As North Carolina pursues Medicaid reform, and as the health care system continues to evolve, the largest health care profession in the state needs to change with it.

That was the upshot of a presentation given to legislators on the Joint Legislative Workforce Development System Reform Oversight Committee earlier this month.

“We’ve heard for months that we have the worst nursing shortage,” said Sen. Chad Barefoot (R-Raleigh).

But Erin Fraher, who studies health care workforce issues at the Sheps Center for Health Services Research at UNC-Chapel Hill, made it clear to legislators that North Carolina has plenty of nurses.

They’re just not all in the right places.

And Fraher also told committee members that even if North Carolina is flush with nurses, with rapid changes in the health care environment, many nurses need new skills.

Rural shortages

Nurses in North Carolina make up the largest group of health care professionals: about 129,000 registered nurses, licensed practical nurses and advanced practice nurses, like certified nurse-midwives and nurse practitioners (see box). And compared to the nation as a whole, North Carolina has more nurses per capita: 105.5 nurses for every 10,000 residents, compared to a national average of 90 per 10,000.

But those professionals are clustered in urban areas, where there are big hospital systems, leaving rural communities to scramble for talent. Fraher said metropolitan areas have 32 more nurses for every 10,000 people than rural counties.

Fraher said she’s regularly asked if the state has a nursing workforce shortage: “And I say that’s the wrong question. We don’t have an overall lack of nurse supply. What we have is nurses who are not in communities where we need them, not in job settings where we need them.”

Increasingly, hospitals are putting emphasis on hiring nurses with bachelor’s degrees, BSNs, who have four years of education that includes instruction in how to conduct research and public health training.

Barefoot talked about a program that helps people transition to BSNs from community colleges, called the RIBN program.
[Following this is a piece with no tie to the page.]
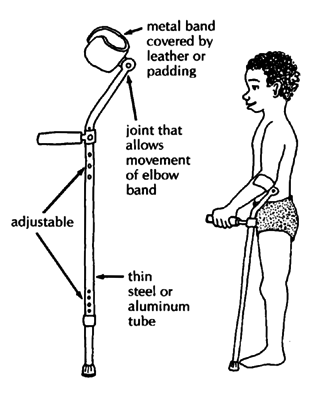 Other elbow crutches (standard adjustable)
It allows for nurses to get a two-year associate’s degree at community colleges and then transfer to the state’s university system to complete a baccalaureate degree.

In 2015, North Carolina’s community college system administrators discussed whether the system should offer four-year nursing programs. They elected not to, but community colleges are now offering more programs that help nurses prepare to transfer to a university.

“We fund [the RIBN program], and apparently it’s very underutilized,” Barefoot said. “Why shouldn’t we look at beefing up that program. and possibly incentivizing RNs to go back to rural communities when they complete the RIBN program so we don’t lose them when they come to the university for a year.”

Up the ladder

Fraher said nurses want to improve their job and earning prospects by moving up the educational ladder. For example, the LPN degree is the entry point for many nurses.

“It’s one year at community college. So if I’m a certified nursing assistant who has a high school education or a medical assistant who has a high school education, often I want to go to work as an LPN, get into the nursing workforce, get a license,” Fraher said.

She said having that ladder to BSN is increasingly important, as even rural hospital systems have put more emphasis on nurses earning a bachelor’s degree. Some hospitals are moving toward only hiring BSNs; they often hire a nurse with an associate’s degree with the proviso he or she finish a bachelor’s degree in a set period of time.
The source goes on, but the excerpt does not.